Abigail Klein Leichman
August 7, 2014, Updated August 6, 2014
Welcome the lone soldiers
More than 60 families have offered to care for lone soldiers coming out of the hospital. Image via Shutterstock.com

“This will take more courage and love than you could ever believe,” began the Facebook post that went out on July 28 asking for English- and Hebrew-speakers from the Jerusalem and Modi’in areas to take in lone soldiers coming out of the hospital after being wounded in Operation Protective Edge.

Within 10 hours, more than 30 families indicated their willingness to host and care for a lone soldier – and, if need be,his visiting parent from abroad — for two weeks to a month. Thirty more families signed up within a week, from all across Israel.

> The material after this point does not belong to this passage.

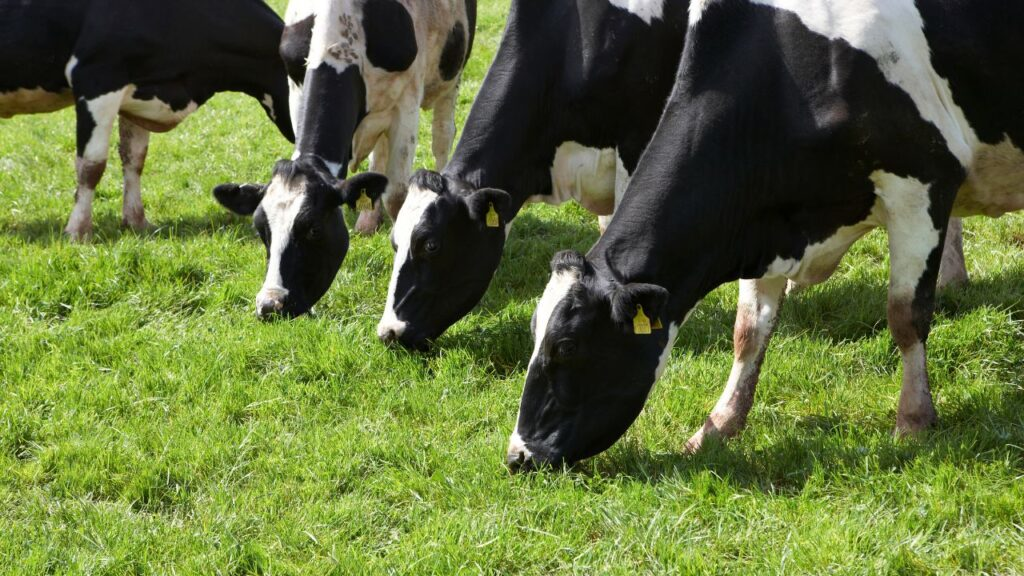 Ganho de Peso e Acabamento Superior: A Força do Pasto Otimizado com Sol Ração Líquida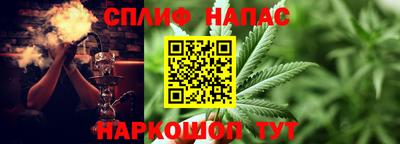 сатива Краснодар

Some 6,000 Israeli soldiers are classified as “lone” because they have no local family support. Of those, about 2,800 are from abroad. Thus far in Operation Protective Edge, three lone soldiers have been killed in action and many more have sustained injuries.

When the wounded combatants leave the hospital they often need physical and emotional care before returning to their own living quarters. Many of them might have had nobody to turn to – until Jerusalem resident Tova Hametz, a volunteer with The Lone Soldier Center in Memory of Michael Levin, stepped in.

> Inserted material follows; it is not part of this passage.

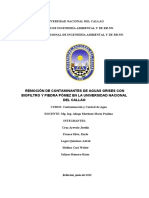 Remocion de Contaminantes de Aguas Grises Con Biofiltro y Pieda Pomez PDF
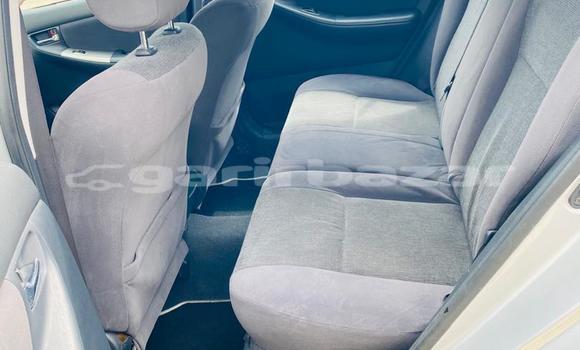 Sayi Imported Toyota Corolla Azurfa Mota in Douala a Ƙasar Kamaru Sayi Imported Toyota Corolla Azurfa Mota in Douala a Ƙasar Kamaru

Hametz tells ISRAEL21c she initially hoped to provide recovering soldiers help with meals, laundry, doctor visits and errands. She posted a request for volunteers and funds, and her friend Nili Salem Flaks came by with a donation. Seeing that Hametz was upset about soldiers returning to empty apartments on their own, Flaks offered to post a request on Facebook for foster families, figuring they’d get perhaps five.

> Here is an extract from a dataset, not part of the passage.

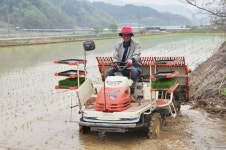 상주 모서면 백학리서 지역 첫 모내기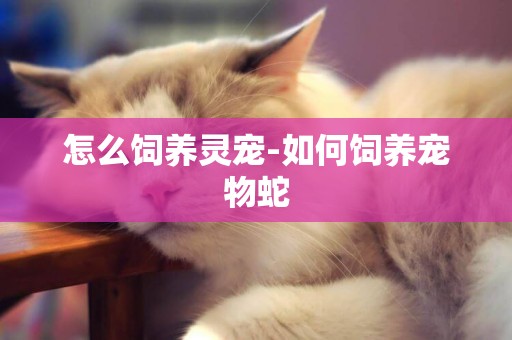 怎么飼養靈寵-如何飼養寵物蛇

“I am in awe of the response,” says Hametz, who is working in cooperation with the IDF to identify soldiers in need of the service. “One family was so eager to meet ‘their’ soldier that they went to the hospital the next day to visit him, even though he won’t get discharged for about a month.”

Hametz was especially gratified that all this happened eight years to the day since lone soldier Michael Levin, a frequent guest in her Jerusalem home, fell in battle in Lebanon.

Hametz, co-owner of Groovesters tie-dye studio in Katzrin, also is accepting monetary donations to cover incidentals such as transportation for the soldiers from the hospitals to their home placements. She’s got a database of volunteers ready to help in any way.

“That level of community is something the Lone Soldier Center has been looking to have for a long time, and we hope that now this will be a community we can reach out to into the future. The unity and caring we have awesomely experienced is something that we hope doesn’t end with the war,” she says. “This community of people is part of the healing.”